:: THE PROBLEM ::
Give back every line of the material exactly, as it appears below.

:: INPUT MATERIAL ::
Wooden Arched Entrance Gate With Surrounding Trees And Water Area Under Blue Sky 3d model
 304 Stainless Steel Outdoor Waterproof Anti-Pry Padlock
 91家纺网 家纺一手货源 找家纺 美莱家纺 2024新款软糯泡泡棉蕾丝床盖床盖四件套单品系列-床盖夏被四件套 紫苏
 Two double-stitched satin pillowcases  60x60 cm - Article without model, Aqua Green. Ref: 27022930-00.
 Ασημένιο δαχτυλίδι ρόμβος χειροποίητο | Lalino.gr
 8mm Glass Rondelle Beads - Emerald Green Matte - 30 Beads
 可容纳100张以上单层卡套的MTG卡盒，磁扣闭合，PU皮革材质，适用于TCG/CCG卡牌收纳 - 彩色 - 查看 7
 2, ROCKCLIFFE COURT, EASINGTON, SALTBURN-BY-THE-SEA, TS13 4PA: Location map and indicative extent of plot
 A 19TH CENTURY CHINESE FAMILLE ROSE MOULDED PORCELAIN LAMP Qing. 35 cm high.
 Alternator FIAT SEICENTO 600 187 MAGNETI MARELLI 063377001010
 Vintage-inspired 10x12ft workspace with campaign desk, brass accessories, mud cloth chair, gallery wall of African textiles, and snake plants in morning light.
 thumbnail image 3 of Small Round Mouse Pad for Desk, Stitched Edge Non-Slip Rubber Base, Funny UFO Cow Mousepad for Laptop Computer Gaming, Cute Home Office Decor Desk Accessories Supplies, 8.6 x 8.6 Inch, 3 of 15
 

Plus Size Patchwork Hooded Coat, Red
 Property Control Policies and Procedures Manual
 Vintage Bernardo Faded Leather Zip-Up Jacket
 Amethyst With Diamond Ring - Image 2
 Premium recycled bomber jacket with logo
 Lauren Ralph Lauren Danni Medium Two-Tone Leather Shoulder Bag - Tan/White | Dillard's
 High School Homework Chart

:: TASK OUTPUT ::
Wooden Arched Entrance Gate With Surrounding Trees And Water Area Under Blue Sky 3d model
 304 Stainless Steel Outdoor Waterproof Anti-Pry Padlock
 91家纺网 家纺一手货源 找家纺 美莱家纺 2024新款软糯泡泡棉蕾丝床盖床盖四件套单品系列-床盖夏被四件套 紫苏
 Two double-stitched satin pillowcases  60x60 cm - Article without model, Aqua Green. Ref: 27022930-00.
 Ασημένιο δαχτυλίδι ρόμβος χειροποίητο | Lalino.gr
 8mm Glass Rondelle Beads - Emerald Green Matte - 30 Beads
 可容纳100张以上单层卡套的MTG卡盒，磁扣闭合，PU皮革材质，适用于TCG/CCG卡牌收纳 - 彩色 - 查看 7
 2, ROCKCLIFFE COURT, EASINGTON, SALTBURN-BY-THE-SEA, TS13 4PA: Location map and indicative extent of plot
 A 19TH CENTURY CHINESE FAMILLE ROSE MOULDED PORCELAIN LAMP Qing. 35 cm high.
 Alternator FIAT SEICENTO 600 187 MAGNETI MARELLI 063377001010
 Vintage-inspired 10x12ft workspace with campaign desk, brass accessories, mud cloth chair, gallery wall of African textiles, and snake plants in morning light.
 thumbnail image 3 of Small Round Mouse Pad for Desk, Stitched Edge Non-Slip Rubber Base, Funny UFO Cow Mousepad for Laptop Computer Gaming, Cute Home Office Decor Desk Accessories Supplies, 8.6 x 8.6 Inch, 3 of 15
 

Plus Size Patchwork Hooded Coat, Red
 Property Control Policies and Procedures Manual
 Vintage Bernardo Faded Leather Zip-Up Jacket
 Amethyst With Diamond Ring - Image 2
 Premium recycled bomber jacket with logo
 Lauren Ralph Lauren Danni Medium Two-Tone Leather Shoulder Bag - Tan/White | Dillard's
 High School Homework Chart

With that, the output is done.